I would be both electrified and gratified if everyone who agreed with
statement (1) could take the next logical step of agreeing with statements
(2) and (3).

However, we can look at it the following way, accepting Juriaan's prior
point. Having conceptually assembled, as it were, all the output of the
previous period and added up its value, we can certainly identify what the
sales receipts (which are equal to this value in total) will be spent on in
the next period. A certain part of them will go on buying inputs for the
next period of production, a certain part on the wages of the next period,
and the rest on the revenues of the capitalists. Call these sums (for
arguments' sake) C, V and S. Suppose these to be $200, $300 and $100 to fix
ideas.

In that case, the NIPA production accounts (expanded to include
intermediate inputs) for that period would read:

Intermediate consumption $200
Wages $300
Profits $100
===================================
Total output $600
Less intermediate goods ($200)
========================================
Personal revenues $600

If we wish to re-cast these same figures on the assumption that only labour
is productive of value we would write:

Intermediate inputs $200
Value added by labour $400
===================================
Total output $600
Less intermediate goods ($200)
====================================
Personal revenues $400
Less transfers to property ($100)
Revenue of the workers $300

Now suppose that with this $100, the capitalists hire some private servants
and pay them #50.

In that case, a sector break-down of the capitalists expenditure for this
period would read

Income
======
transferred from workers $100
===================================
Total $100

Expenditure
===========
Servants $50
Luxuries $50
===================================
Total $100

The following problem appears: isn't the $50 also income of the workers?
Yes: the sector breakdown of workers' expenditure reads:

Income
======
production wages (remainder
after transfers to property)$300
servant's wages $50
===================================
Total $350

Expenditure
===========
Means of subsistence $350
===================================
Total $350

What is this money spent on? First of all, when is it spent? In this case
I don't think it is wrong to conceive of it as spent in the same period.
Money effects the circulation of the goods, not their production.
It is reasonable to conceive that someone sells one thing, and buys
another, in the same period because there is no theoretical lower limit
on the time of circulation, unlike the time of production.

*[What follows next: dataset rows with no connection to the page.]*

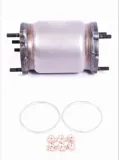 Katalysator EEC DE6019T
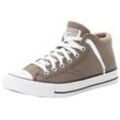 Sneaker CONVERSE "CHUCK TAYLOR ALL STAR MALDEN STREET" Gr. 40, classic taupe, vintage cargo, Textil, Schuhe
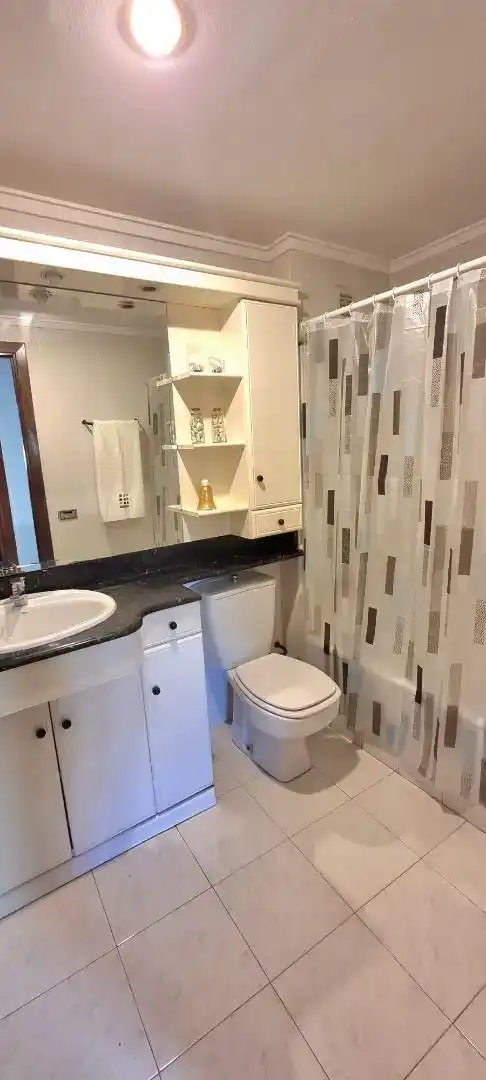 Bany de Pis en venda en Vitoria - Gasteiz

Moreover, in circulation each sale is also a purchase, so in point of
fact it is the same goods that are both sold and purchased.

So the money from sales is spent on the same goods for which we have just
allocated the monetary equivalent to sector accounts. It must therefore
add up to the same.

Total expenditures are made up as follows:

Spent by capitalists on intermediate
goods (not from personal revenue) $200
Spent by capitalists on Luxuries $50
Spent by unproductive workers $50
Spent by productive workers $300
============================================
Total $600

These are identical, and there is no problem, that I can see. The servants
are entirely paid out of revenue, and we have accounted for their wages,
and for all expenditures. Each payment appears only once as a payment and
every good is purchased only once. There is no double-counting.

There *is* no problem.

The apparent problem arises from the fact that NIPA educates us to assume
that the value added by the various factors of production will be equal to
the income that these factors receive. We therefore subconsciously tend to
imagine that the figure for wages must be equal to the figure for the
income of the workers. But this is because NIPA incorporates the prejudice,
which comes from neoclassical theory, that the value contributed to output
by each factor is equal to the income it receives.

Total wages are equal to the sum of productive wages and unproductive wages
but this is not the same as the figure in the NIPA accounts for 'wages'
because in reality, the NIPA figure that is called 'wages' really means
'value added by workers'.

You may say 'but you have omitted to include, in the account that you gave
of total expenditures, the $50 that the capitalists spent on the servants'.
Just so, because this is an expenditure on a person, and the expenditure
accounts omit all expenditures on persons. It is the same, for example, as
if I give you a birthday present of $10. This is an expenditure of mine and
a receipt of yours but it does not appear in the expenditure accounts or
the factor income accounts; it is a revenue transfer.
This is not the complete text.